As I continued on the run, I wondered what else would happen. What other obstacles, what other fears would I face? How would I handle myself? In time with my foot strikes, I started thinking, "Lions and Tigers and Bears - Oh MY! LIONS AND TIGERS AND BEARS - OH MY!"

But it didn't matter. I was determined to continue on, finish out my run. This was fun, and really - the creek was a confidence booster and the snake was really neat. Things could be worse. Sure, I wasn't devoured by an alligator or bitten by a snake - but what would the chances of that be anyway? I had a tremendous sense of accomplishment from navigating the creek, and it's not all that often that you get to see a triangle-head shaped snake (except for Animal Planet).

I guess sometimes fear itself is much worse than our actual fears: once we push beyond our limits, out of our comfort zone, we realize that things weren't as bad as they seemed. And next time things will be okay because we've already overcome said obstacle.

The rest of the run went really well. I managed to keep a decent pace, but not pull a klutzy move or trip over a rock. The woods were beautiful, the winds light, and I was happy just to be outside enjoying myself. When I looped back to the car, I had to cross the creek bed (again). I looked for my snake-friend, but didn't see it (for which I was a bit happy). After making sure that there were no alligators in sight (doesn't mean they're not there... just not visible), I confidently made my way across the tree bridges. Really, not that bad. I was still scared, but I also knew I would be okay: because I had done it before and it was just a matter of getting through it.

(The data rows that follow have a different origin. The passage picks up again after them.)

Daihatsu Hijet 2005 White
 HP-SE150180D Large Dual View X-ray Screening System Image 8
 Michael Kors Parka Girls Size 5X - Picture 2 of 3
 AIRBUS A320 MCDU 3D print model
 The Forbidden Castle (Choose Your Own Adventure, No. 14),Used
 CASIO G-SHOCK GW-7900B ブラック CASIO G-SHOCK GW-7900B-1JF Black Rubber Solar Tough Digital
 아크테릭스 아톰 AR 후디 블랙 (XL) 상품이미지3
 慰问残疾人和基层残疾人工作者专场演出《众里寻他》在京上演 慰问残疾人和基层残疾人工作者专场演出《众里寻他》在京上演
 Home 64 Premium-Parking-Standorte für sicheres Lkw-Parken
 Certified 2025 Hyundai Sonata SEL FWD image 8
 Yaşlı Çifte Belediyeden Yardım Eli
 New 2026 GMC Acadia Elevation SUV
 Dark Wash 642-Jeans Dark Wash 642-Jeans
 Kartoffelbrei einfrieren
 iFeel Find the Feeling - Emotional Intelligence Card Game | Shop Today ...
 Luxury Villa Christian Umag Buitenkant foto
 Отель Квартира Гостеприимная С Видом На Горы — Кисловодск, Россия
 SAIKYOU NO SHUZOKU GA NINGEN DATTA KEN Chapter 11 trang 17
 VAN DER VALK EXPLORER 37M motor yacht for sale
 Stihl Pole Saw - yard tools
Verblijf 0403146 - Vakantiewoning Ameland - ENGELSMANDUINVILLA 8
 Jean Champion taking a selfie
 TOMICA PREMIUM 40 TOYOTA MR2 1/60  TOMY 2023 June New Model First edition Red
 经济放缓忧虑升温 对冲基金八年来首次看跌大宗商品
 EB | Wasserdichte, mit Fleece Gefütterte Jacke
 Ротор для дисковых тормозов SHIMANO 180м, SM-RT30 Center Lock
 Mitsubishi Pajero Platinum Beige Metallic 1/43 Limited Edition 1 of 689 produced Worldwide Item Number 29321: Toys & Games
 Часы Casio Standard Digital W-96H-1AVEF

The same can be said about my off season. I'm a little nervous about it, fearful of loosing my fitness, getting really out of shape and gaining weight. But, as with other challenges, I realize the fear of these things happening is much worse than actually becoming slightly deconditioned or putting on a few pounds (it is cooler, after all). Life will continue on, my off season is just another element to my overall training program. And instead of looking at it with trepidation, I'll try to look at it as another opportunity. It's a new venture, a new challenge. Life is boring with the same old, same old, day in and day out.

We all deal with fear. Fear of the unknown, fear of what's lurking around the next bend, fear of what we can't see. Fears of the Lions and Tigers and Bears. We all have trepidation: that's just a part of life. I guess the key is to take a deep breath, acknowledge these fears, and move forward. No sense in stalling. Just like Dorothy, Toto, the Scarecrow, the Tinman, and the cowardly Lion did, move forward and continue on your journey. Because that's what life is about - the journey. Fear is a part, but not the deciding factor.

Just goes to show that we all have our own tree trunks to cross, and our own mud flats to navigate. I just prefer to do mine without alligators and snakes.